— ACTIVITY —
Search the records below for the word "Black" and show every line where it occurs.

— EXTRACTED MATERIAL —
|---|
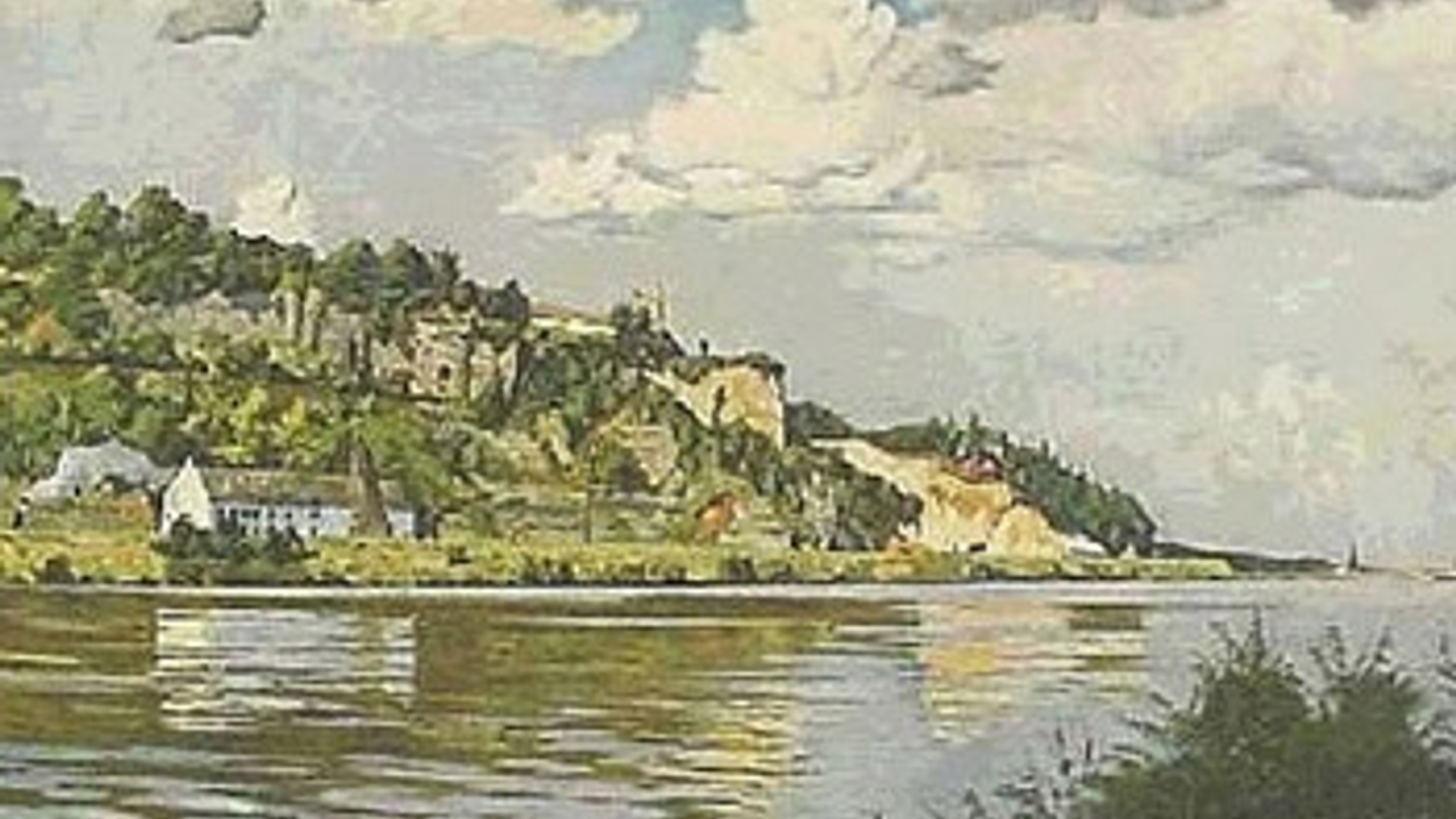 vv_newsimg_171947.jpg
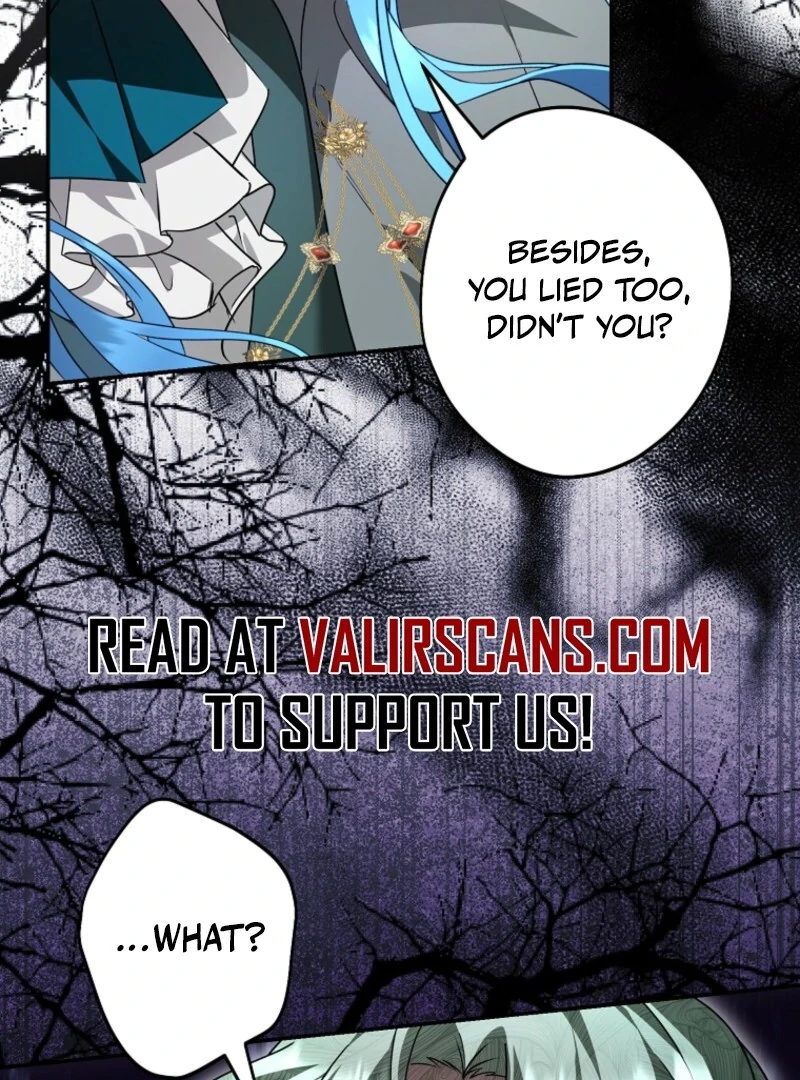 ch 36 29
|---|
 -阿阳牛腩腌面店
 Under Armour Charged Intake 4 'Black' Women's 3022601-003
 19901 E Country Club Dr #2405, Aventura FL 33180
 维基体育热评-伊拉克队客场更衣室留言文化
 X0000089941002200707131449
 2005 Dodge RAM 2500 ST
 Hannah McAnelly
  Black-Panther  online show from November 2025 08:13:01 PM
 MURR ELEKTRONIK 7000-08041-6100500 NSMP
|---|
— RESPONSE BELOW —
 Under Armour Charged Intake 4 'Black' Women's 3022601-003
  Black-Panther  online show from November 2025 08:13:01 PM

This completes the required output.